Durant la guerre froide, le PCI dut entrer dans l’opposition,
mais lorsqu’à la fin des années 1960, une vague de grèves militantes et
une révolte des jeunes secouèrent le pays, le parti s’opposa farouchement
à ce mouvement en cherchant plus tard à former une coalition, « un
compromis historique », avec la Démocratie chrétienne mais qui
n’aboutit pas.
Aujourd’hui, les anciens cadres du PCI forment
l’épine dorsale du Parti démocratique qui prend modèle sur le Parti
démocratique américain et qui a abandonné toute prétention si vague soit elle
d’une politique socialiste. Le rôle du vieux PCI, qui associe politique
bourgeoise et symboles « communistes », avait été assumé par Rifondazione
Comunista, née en 1991 à partir d’une aile du PCI, et qui a absorbé une
grande partie de la gauche petite-bourgeoise.
Luttes factionnelles
La débâcle électorale a suscité un débat féroce quant à
l’avenir de Rifondazione. Son dirigeant de longue date, Fausto Bertinotti,
est en position minoritaire. Il avait l’intention de former un nouveau
parti à partir de l’Alliance Arc-en-ciel, en laissant tomber tout lien
avec l’héritage communiste. Le week-end dernier, sa proposition fut
rejetée lors d’une réunion du bureau national du parti, par 70 voix en
faveur de son projet et 98 contre.
Bertinotti avait déjà démissionné de tous ses postes la veille
de l’élection. Sa démission a depuis été suivie par celle du secrétaire
général du parti, Franco Giordano, et de l’ensemble du secrétariat
général national. Paolo Ferrero, le ministre de la Solidarité sociale du
gouvernement Prodi, a été élu provisoirement à la tête du parti. Le fait que
Ferrero mène l’opposition contre Bertinotti en dit long sur le caractère
politique de celle-ci. En tant que membre unique de Rifondazione à avoir occupé
un poste ministériel dans le gouvernement Prodi, Ferrero porte une part entière
de responsabilité quant à la politique gouvernementale.
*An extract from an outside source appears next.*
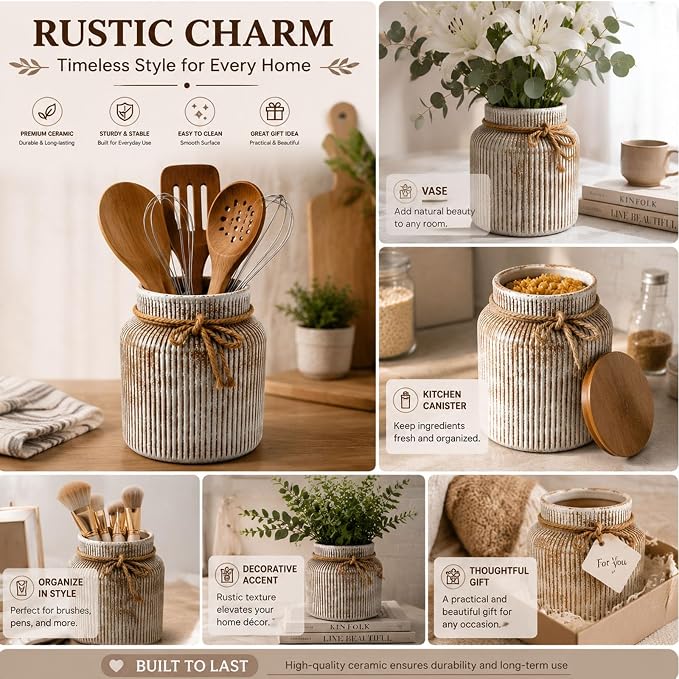 Farmhouse Ceramic Kitchen Utensil Holder for Countertop,Retro Country-Style Vertical-Striped Hemp Rope Design,Modern Kitchen Counter Organizer for Cooking Utensils ,Kitchen Decor & Decorative Vase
Dans une interview accordée à l’Unita, le journal
du Parti démocratique, Ferrero décline cependant toute responsabilité
personnelle quant à la débâcle électorale. Au lieu de cela, il a dit que la
stratégie de la participation gouvernementale avait fait naufrage parce que
« les forces de la gauche modérée », c’est-à-dire les démocrates
de gauche, n’avaient pas adhéré à leur programme et que les syndicats
n’avaient pas suffisamment défendu leurs propres intérêts. Par syndicats,
Ferrero entend d’abord et avant tout leurs membres, rejetant ainsi la
faute de ses propres défaillances sur la classe ouvrière.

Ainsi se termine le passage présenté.